__Problem to solve__: Only one stretch of the data should be retyped: the lines from the line containing "Chicago White Sox" through the line containing "2020 Honda Civic". Keep pictures out of it.

__Records for this task__:
___
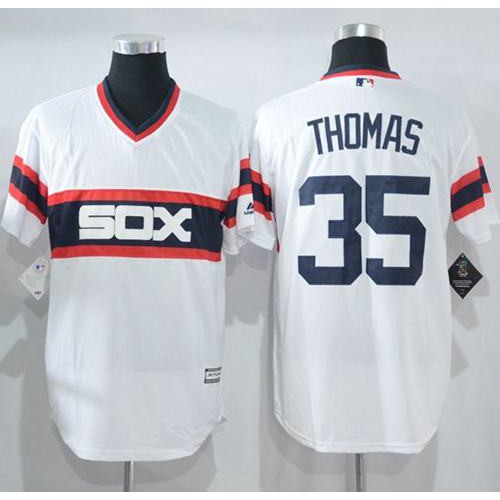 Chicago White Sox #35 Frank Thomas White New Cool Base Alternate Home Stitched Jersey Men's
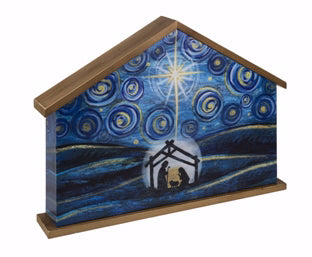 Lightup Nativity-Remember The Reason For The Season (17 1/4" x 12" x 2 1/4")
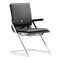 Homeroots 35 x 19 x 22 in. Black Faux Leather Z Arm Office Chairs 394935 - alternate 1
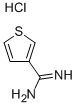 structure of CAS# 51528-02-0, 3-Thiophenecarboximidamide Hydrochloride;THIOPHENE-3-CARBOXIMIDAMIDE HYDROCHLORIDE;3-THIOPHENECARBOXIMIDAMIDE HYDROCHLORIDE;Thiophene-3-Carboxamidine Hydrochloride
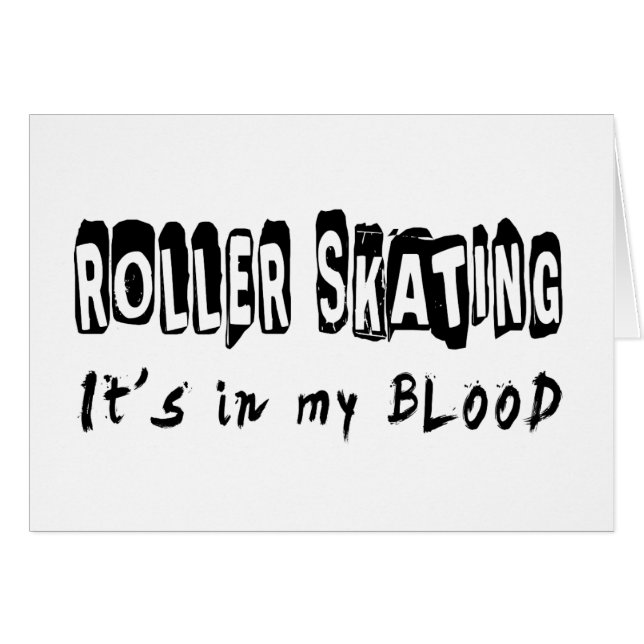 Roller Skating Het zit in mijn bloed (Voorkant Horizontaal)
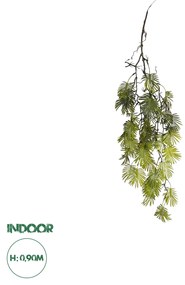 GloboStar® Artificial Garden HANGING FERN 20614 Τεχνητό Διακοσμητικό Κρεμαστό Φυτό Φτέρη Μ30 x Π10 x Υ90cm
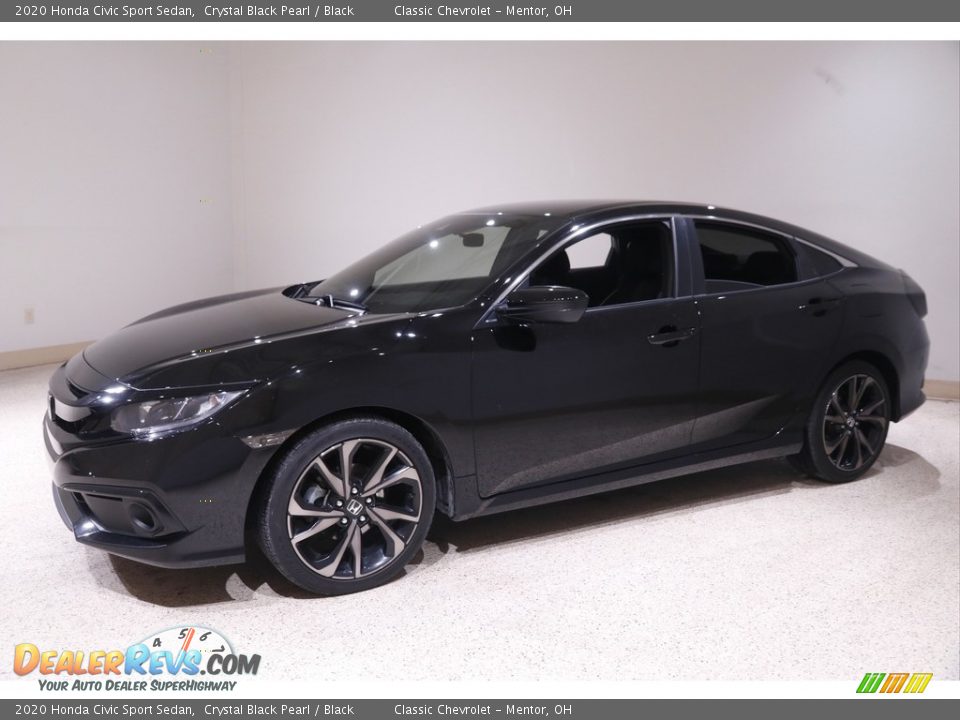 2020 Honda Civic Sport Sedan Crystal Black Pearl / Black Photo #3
___
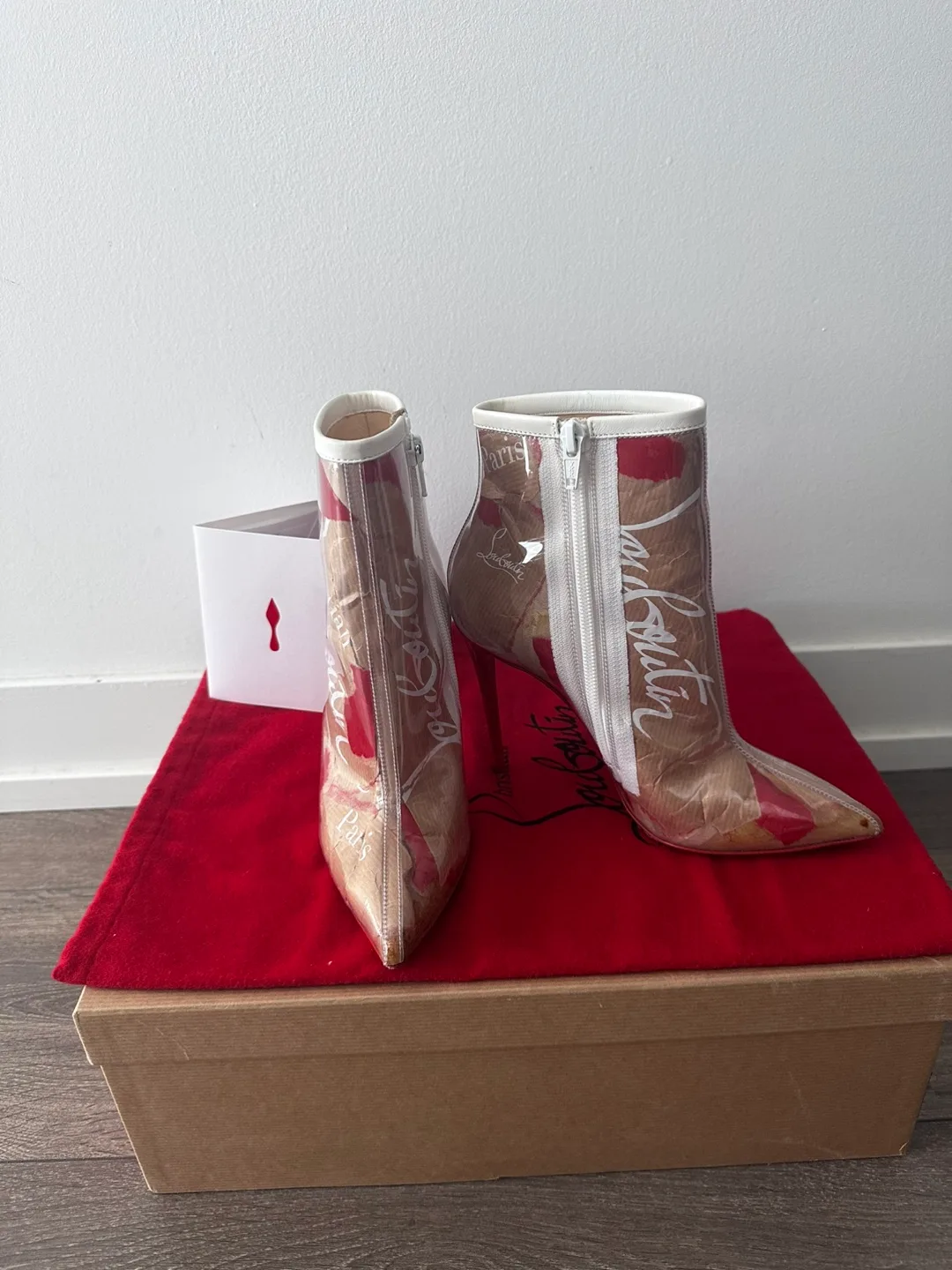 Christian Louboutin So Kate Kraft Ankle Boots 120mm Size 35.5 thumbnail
___
__Answer space__:
 Chicago White Sox #35 Frank Thomas White New Cool Base Alternate Home Stitched Jersey Men's
 Lightup Nativity-Remember The Reason For The Season (17 1/4" x 12" x 2 1/4")
 Homeroots 35 x 19 x 22 in. Black Faux Leather Z Arm Office Chairs 394935 - alternate 1
 structure of CAS# 51528-02-0, 3-Thiophenecarboximidamide Hydrochloride;THIOPHENE-3-CARBOXIMIDAMIDE HYDROCHLORIDE;3-THIOPHENECARBOXIMIDAMIDE HYDROCHLORIDE;Thiophene-3-Carboxamidine Hydrochloride
 Roller Skating Het zit in mijn bloed (Voorkant Horizontaal)
 GloboStar® Artificial Garden HANGING FERN 20614 Τεχνητό Διακοσμητικό Κρεμαστό Φυτό Φτέρη Μ30 x Π10 x Υ90cm
 2020 Honda Civic Sport Sedan Crystal Black Pearl / Black Photo #3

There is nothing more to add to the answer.